What does HackerNews think of msgspec?

A fast serialization and validation library, with builtin support for JSON, MessagePack, YAML, and TOML

Language: Python

#23 in JSON
#164 in Python
+1 for litestar[1]. The higher bus-factor is nice, and I like that they're working to embrace a wider set of technologies than just pydantic. The framework currently lets you model objects using msgspec[2] (they actually use msgspec for all serialization), pydantic, or attrs[3], and the upcoming release adds some new mechanisms for handling additional types. I really appreciate the flexibility in modeling APIs; not everything fits well into a pydantic shaped box.

[1]: https://litestar.dev/

[2]: https://github.com/jcrist/msgspec

[3]: https://www.attrs.org/en/stable/

If you like cattrs, you _might_ be interested in trying out my msgspec library [1].
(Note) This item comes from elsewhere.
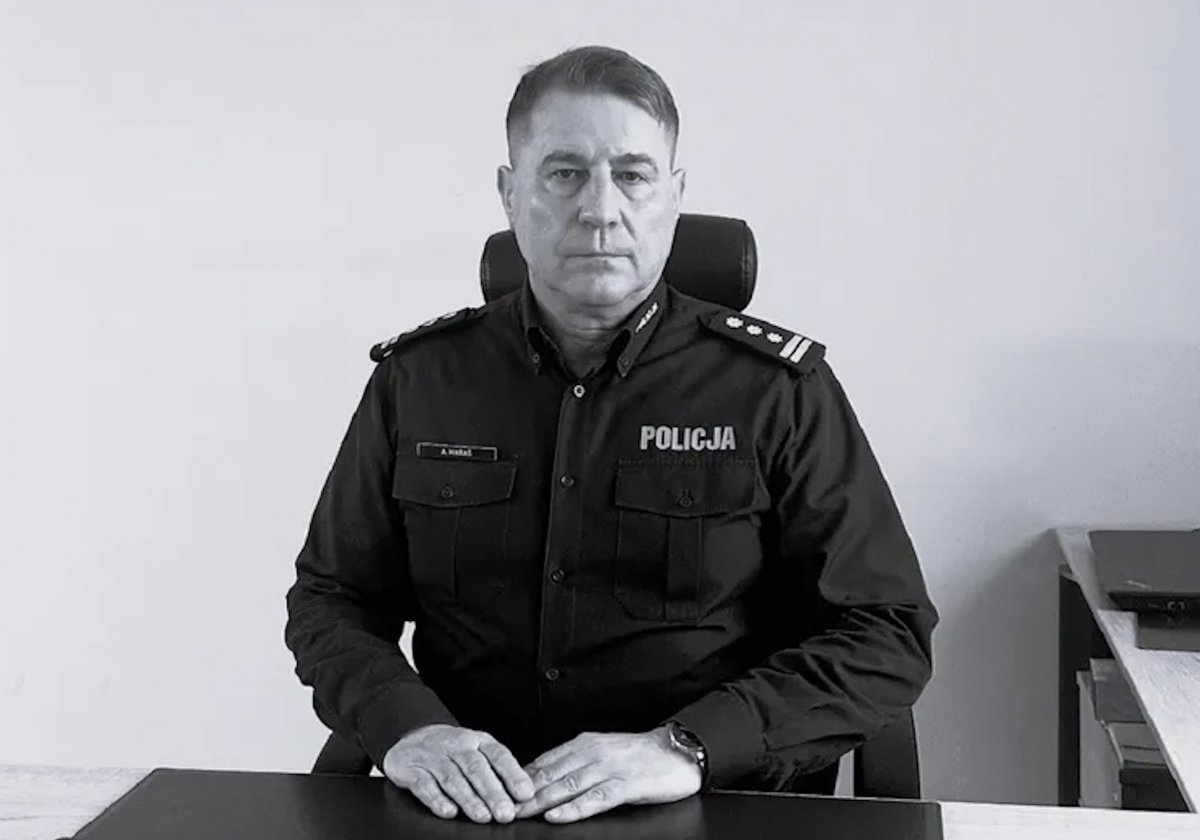 Nie żyje komendant policji w Turku. Jego auto znaleziono w lesie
It works out-of-the-box with attrs objects (as well as its own faster `Struct` types), while being ~10-15x faster than cattrs for encoding/decoding/validating JSON. The hope is it's easy to integrate msgspec with other tools (like attrs!) rather than forcing the user to rewrite code to fit the new validation/serialization framework. It may not fit every use case, but if msgspec works for you it should be generally an order-of-magnitude faster than other Python options.

[1]: https://github.com/jcrist/msgspec

> Maybe it was very slow before

That is at least partly the case. I maintain msgspec[1], another Python JSON validation library. Pydantic V1 was ~100x slower at encoding/decoding/validating JSON than msgspec, which was more a testament to Pydantic's performance issues than msgspec's speed. Pydantic V2 is definitely faster than V1, but it's still ~10x slower than msgspec, and up to 2x slower than other pure-python implementations like mashumaro.

Recent benchmark here: https://gist.github.com/jcrist/d62f450594164d284fbea957fd48b...

[1]: https://github.com/jcrist/msgspec

While it's definitely much faster than pydantic V1 (which is a huge accomplishment!), it's still not exactly what I'd call "fast".

I maintain msgspec (https://github.com/jcrist/msgspec), a serialization/validation library which provides similar functionality to pydantic. Recent benchmarks of pydantic V2 against msgspec show msgspec is still 15-30x faster at JSON encoding, and 6-15x faster at JSON decoding/validating.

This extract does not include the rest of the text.